Huckels-Baumgart Saskia, Baumgart André, Buschmann Ute, Schüpfer Guido, Manser Tanja
Department Wolhusen.
Department of Anesthesiology, Cantonal Hospital Lucerne, Lucerne, Switzerland.
J Patient Saf. 2021 Apr 1;17(3):e161-e168. doi: 10.1097/PTS.0000000000000335.
Interruptions and errors during the medication process are common, but published literature shows no evidence supporting whether separate medication rooms are an effective single intervention in reducing interruptions and errors during medication preparation in hospitals. We tested the hypothesis that the rate of interruptions and reported medication errors would decrease as a result of the introduction of separate medication rooms.
Our aim was to evaluate the effect of separate medication rooms on interruptions during medication preparation and on self-reported medication error rates.
We performed a preintervention and postintervention study using direct structured observation of nurses during medication preparation and daily structured medication error self-reporting of nurses by questionnaires in 2 wards at a major teaching hospital in Switzerland.

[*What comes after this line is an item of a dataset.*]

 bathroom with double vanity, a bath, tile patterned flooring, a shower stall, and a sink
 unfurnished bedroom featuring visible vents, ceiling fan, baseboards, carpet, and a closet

A volunteer sample of 42 nurses was observed preparing 1498 medications for 366 patients over 17 hours preintervention and postintervention on both wards. During 122 days, nurses completed 694 reporting sheets containing 208 medication errors. After the introduction of the separate medication room, the mean interruption rate decreased significantly from 51.8 to 30 interruptions per hour (P < 0.01), and the interruption-free preparation time increased significantly from 1.4 to 2.5 minutes (P < 0.05). Overall, the mean medication error rate per day was also significantly reduced after implementation of the separate medication room from 1.3 to 0.9 errors per day (P < 0.05).
The present study showed the positive effect of a hospital-based intervention; after the introduction of the separate medication room, the interruption and medication error rates decreased significantly.
用药过程中的干扰和错误很常见,但已发表的文献没有证据支持单独的配药室是否是减少医院配药过程中干扰和错误的有效单一干预措施。我们检验了这样一个假设,即引入单独的配药室会使干扰率和报告的用药错误率降低。
我们的目的是评估单独的配药室对配药过程中干扰以及自我报告的用药错误率的影响。
我们在瑞士一家大型教学医院的两个病房进行了一项干预前和干预后的研究,通过对护士配药过程进行直接结构化观察以及通过问卷对护士进行每日结构化用药错误自我报告。
在干预前和干预后的17个小时内,对42名护士的志愿者样本进行了观察,他们为366名患者准备了1498剂药物。在122天里,护士们完成了694份报告表,其中包含208起用药错误。引入单独的配药室后,平均干扰率从每小时51.8次显著降至30次(P < 0.01),无干扰配药时间从1.4分钟显著增加至2.5分钟(P < 0.05)。总体而言,实施单独的配药室后,每天的平均用药错误率也从每天1.3次显著降至0.9次(P < 0.05)。
本研究显示了一项基于医院的干预措施的积极效果;引入单独的配药室后,干扰率和用药错误率显著降低。